━━━ PROVIDED MATERIAL

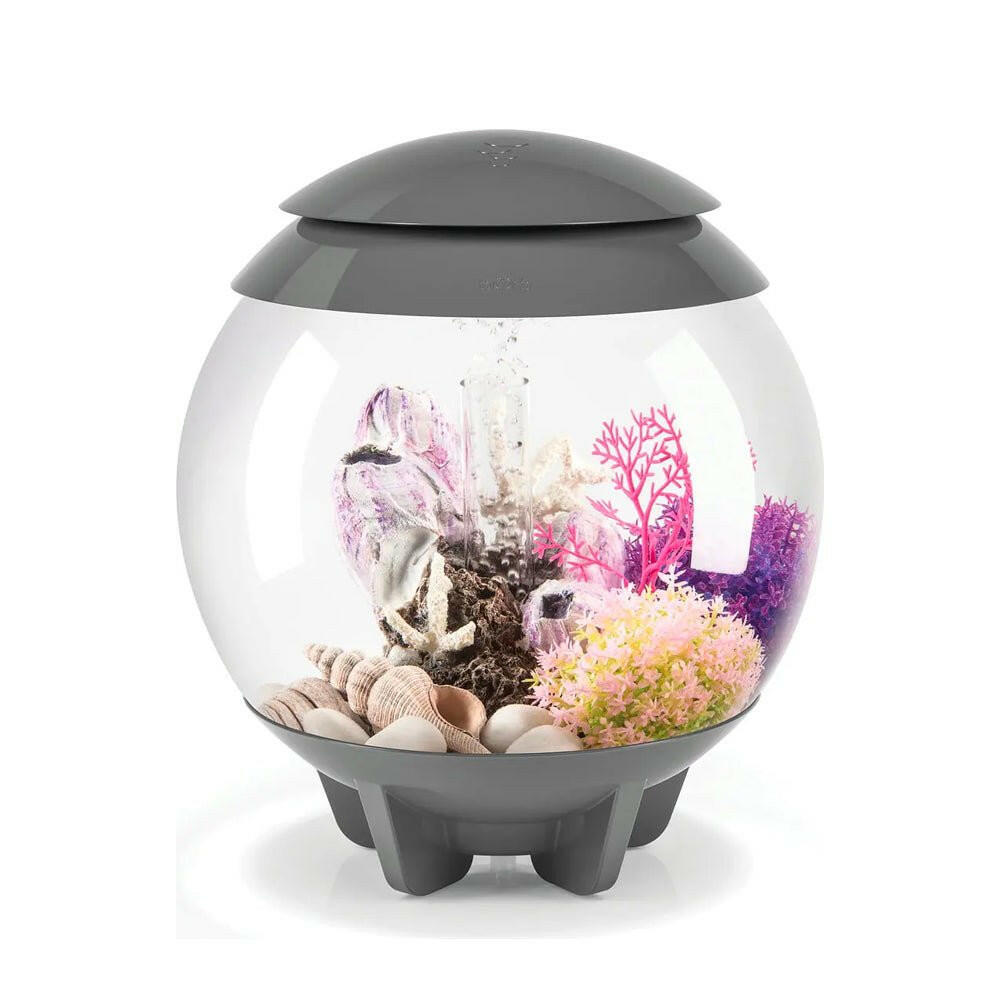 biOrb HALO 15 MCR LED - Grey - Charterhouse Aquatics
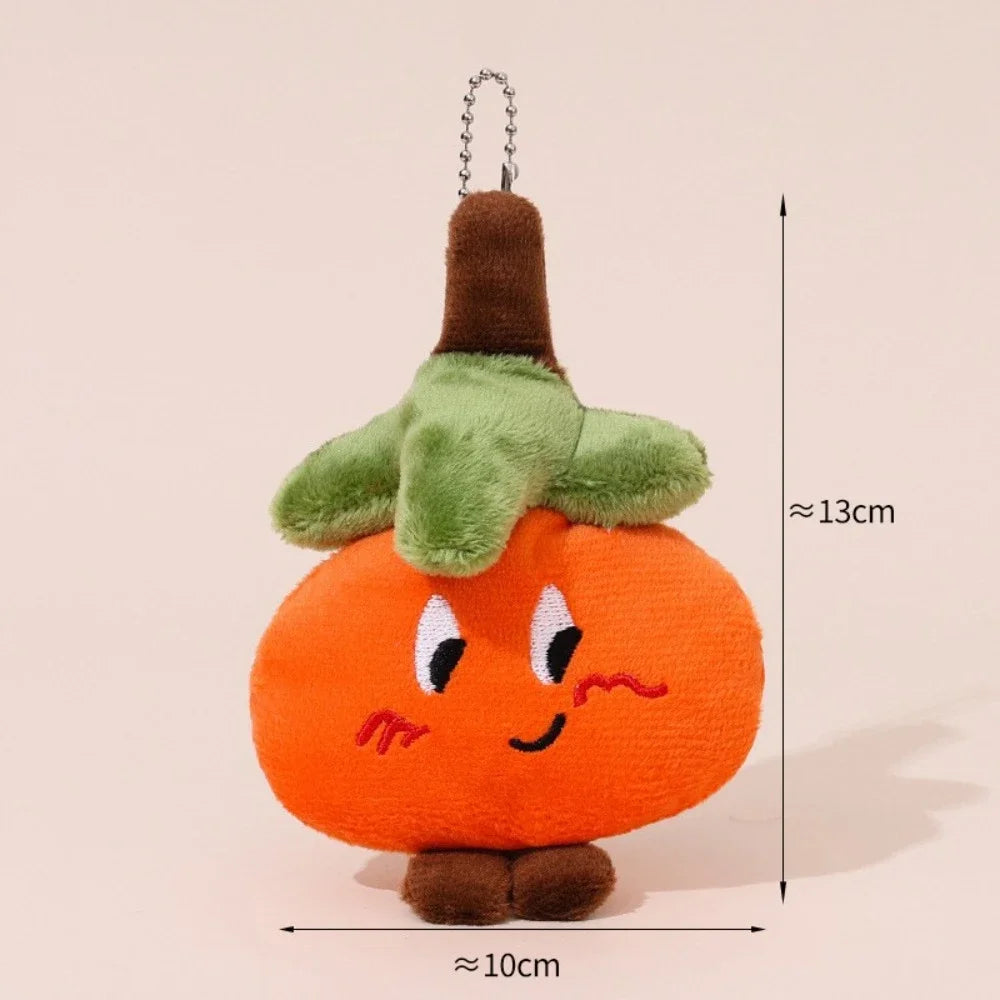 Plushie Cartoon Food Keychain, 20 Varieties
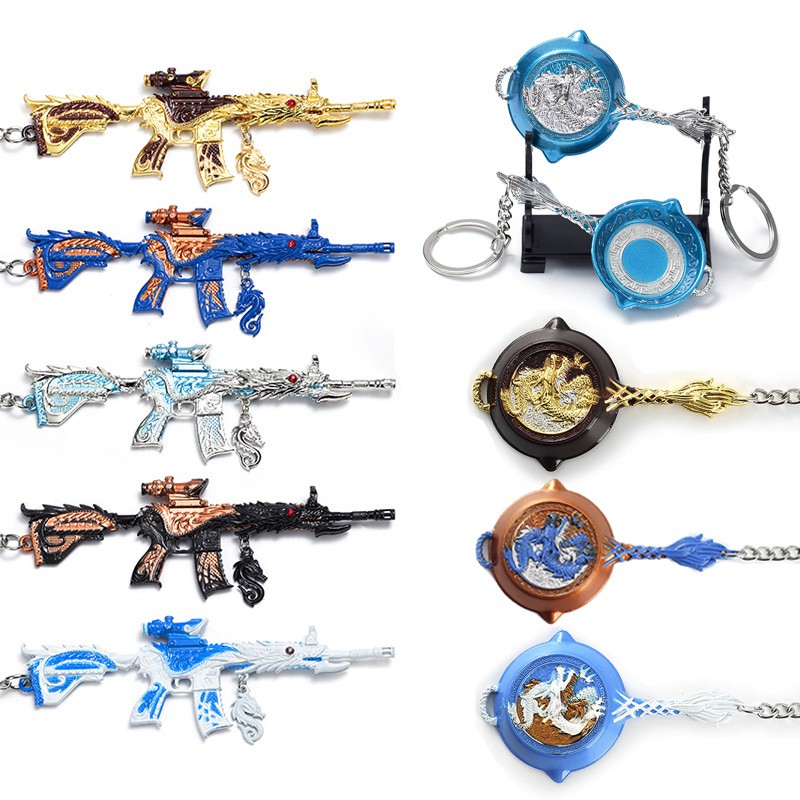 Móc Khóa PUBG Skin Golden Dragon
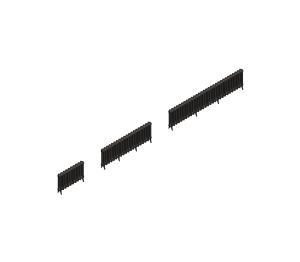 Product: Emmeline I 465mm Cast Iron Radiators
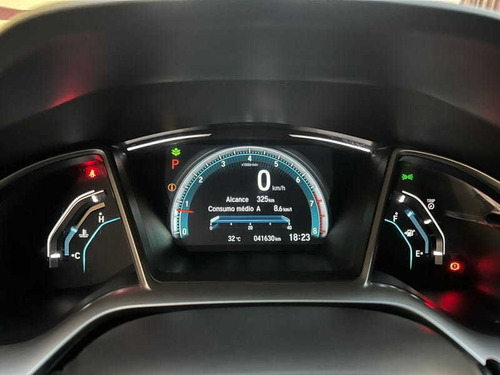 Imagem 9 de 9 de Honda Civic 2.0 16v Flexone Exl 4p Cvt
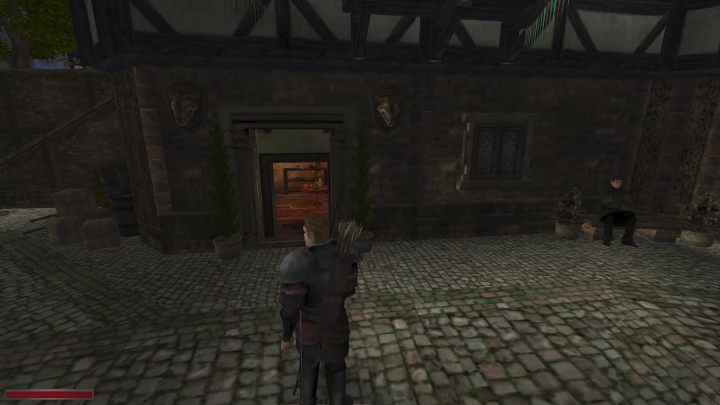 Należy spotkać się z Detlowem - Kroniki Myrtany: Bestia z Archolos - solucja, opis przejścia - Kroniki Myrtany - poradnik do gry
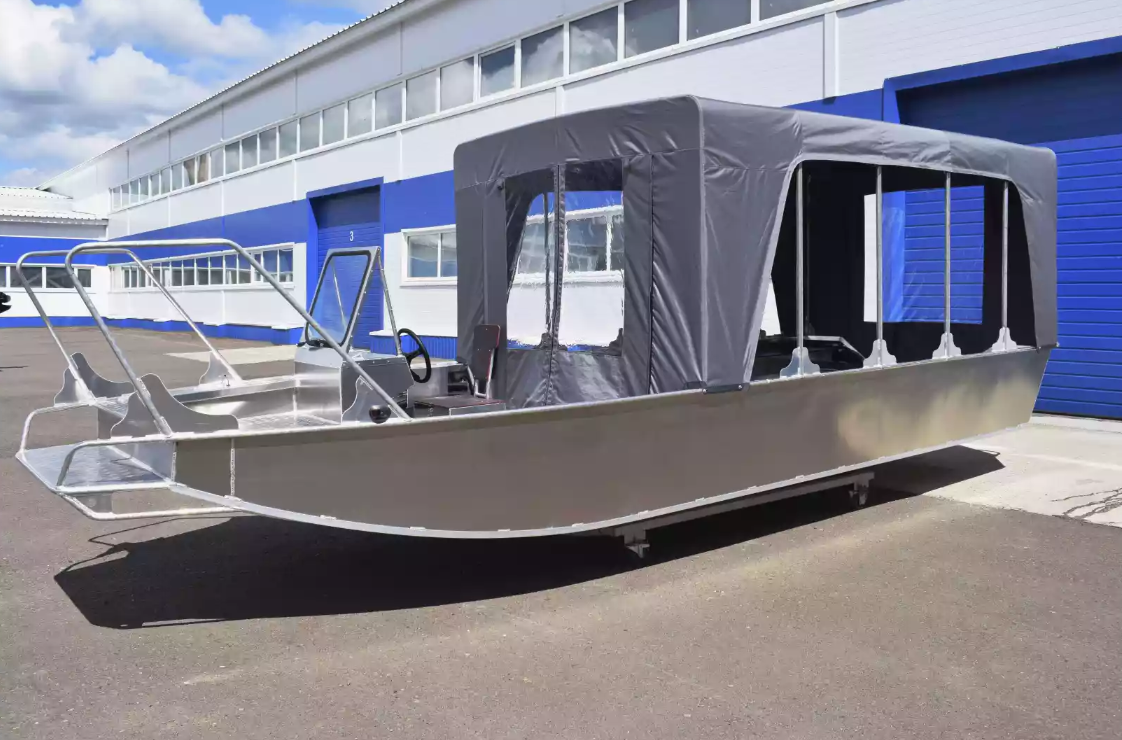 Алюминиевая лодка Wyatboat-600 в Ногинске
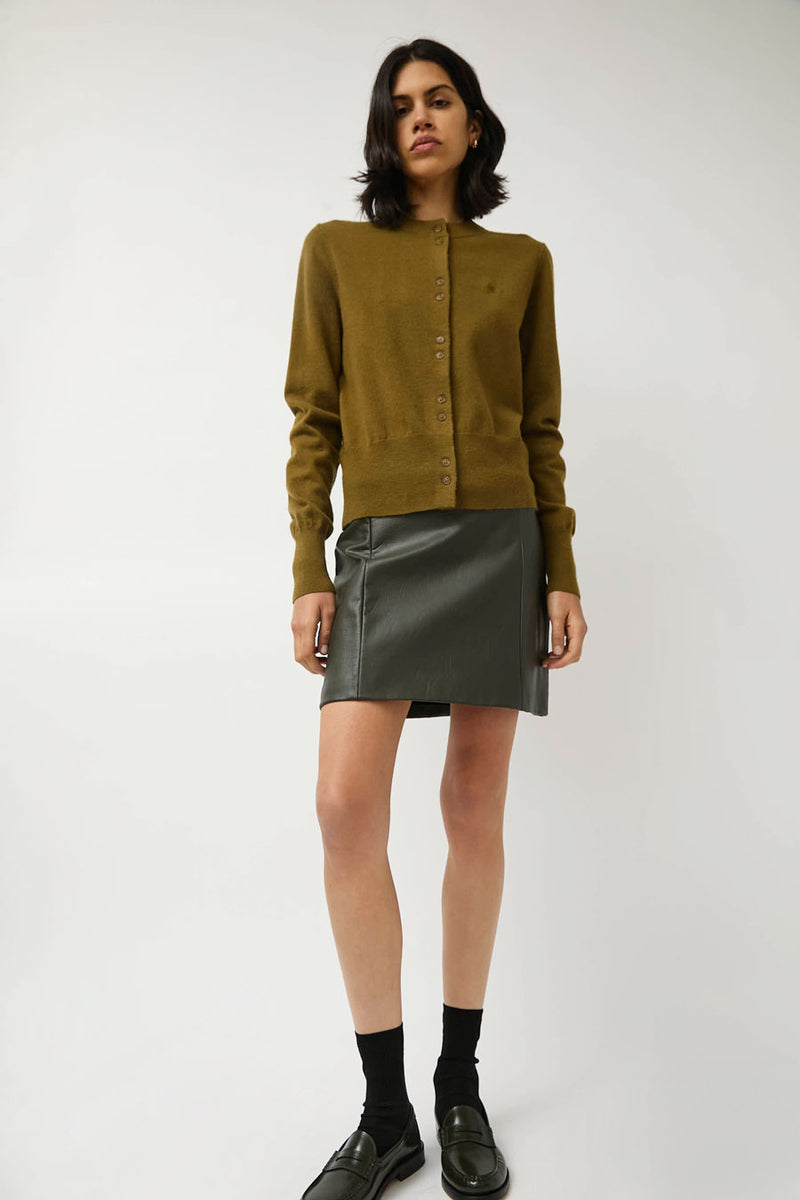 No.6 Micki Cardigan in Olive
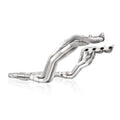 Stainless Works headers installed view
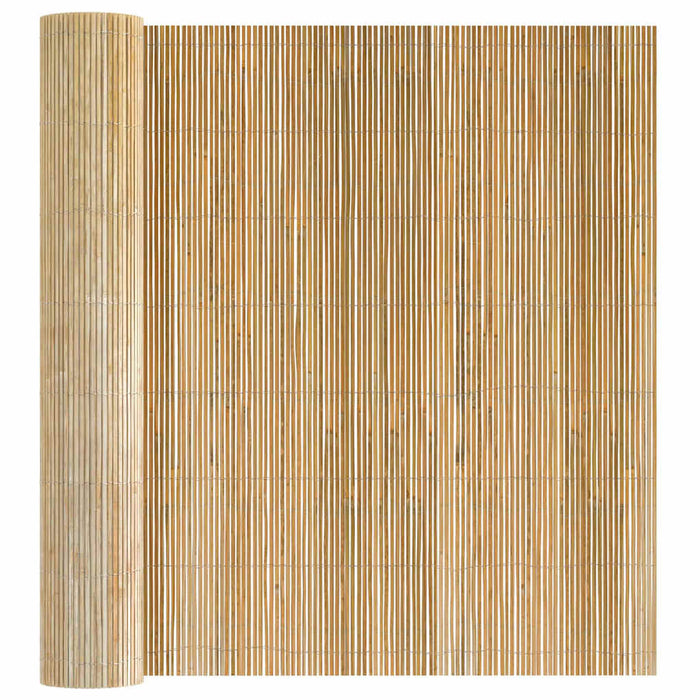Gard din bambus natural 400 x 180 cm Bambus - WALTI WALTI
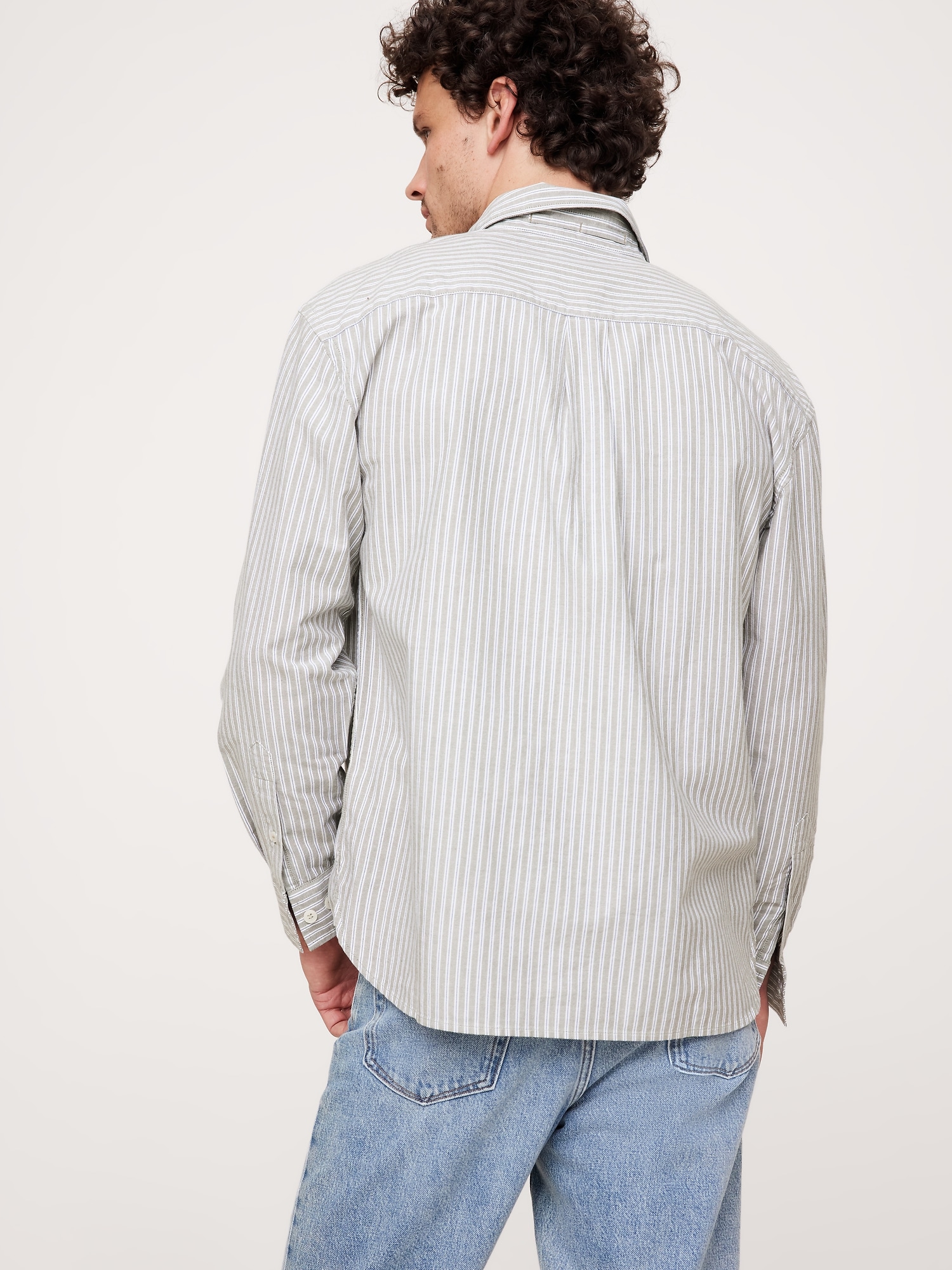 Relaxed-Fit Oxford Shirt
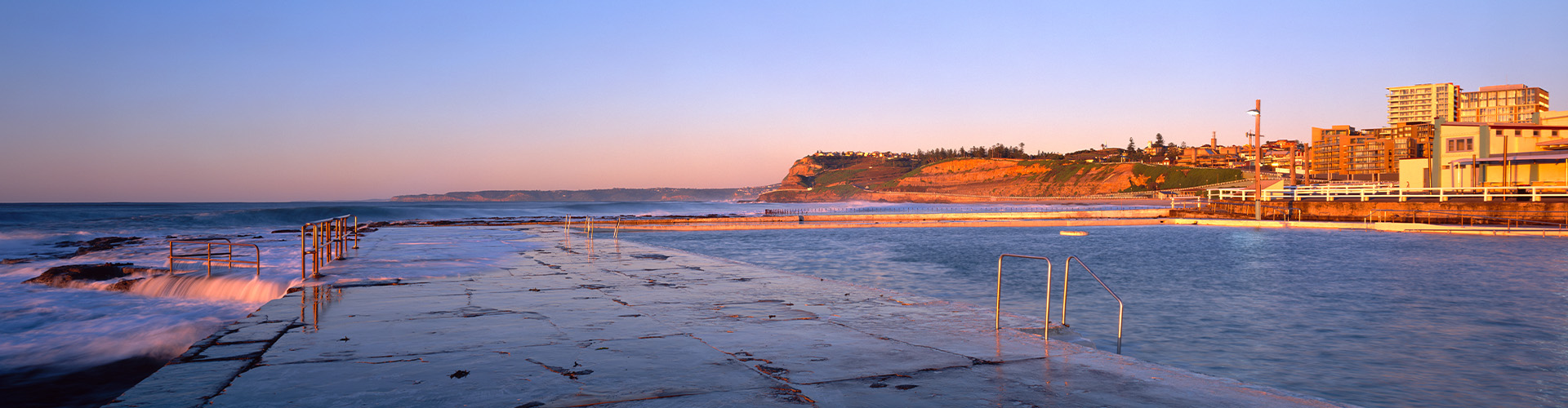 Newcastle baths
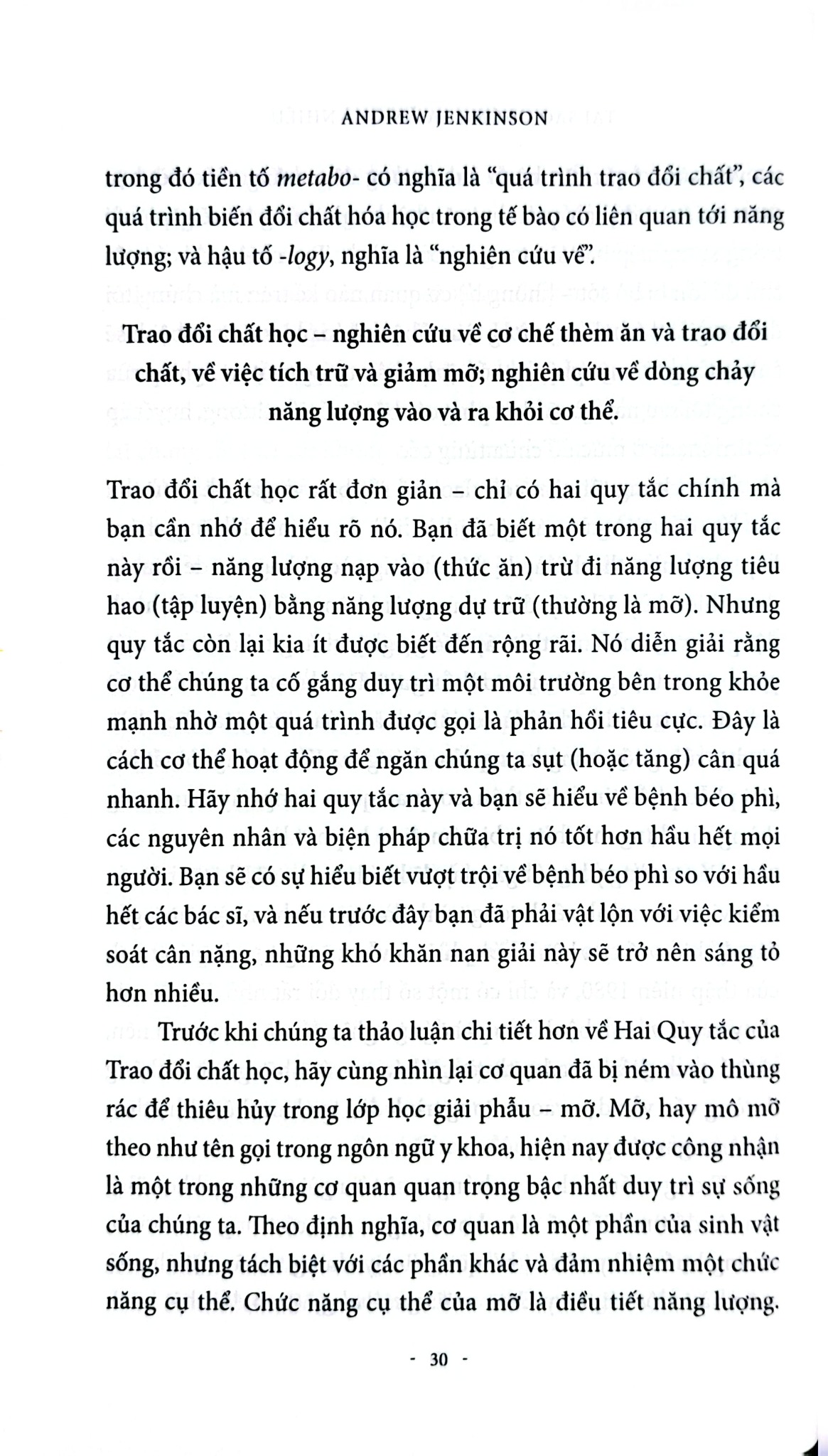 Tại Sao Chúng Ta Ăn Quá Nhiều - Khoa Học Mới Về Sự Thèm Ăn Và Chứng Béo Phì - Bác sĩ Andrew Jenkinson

━━━━━━

◆ EXERCISE GOAL ◆
The lines to repeat start at the one holding "Relaxed-Fit Oxford Shirt" and run through the last line of the records above; write them out exactly, both ends included, but not the pictures.

◆ EXERCISE RESPONSE ◆
 Relaxed-Fit Oxford Shirt
 Newcastle baths
 Tại Sao Chúng Ta Ăn Quá Nhiều - Khoa Học Mới Về Sự Thèm Ăn Và Chứng Béo Phì - Bác sĩ Andrew Jenkinson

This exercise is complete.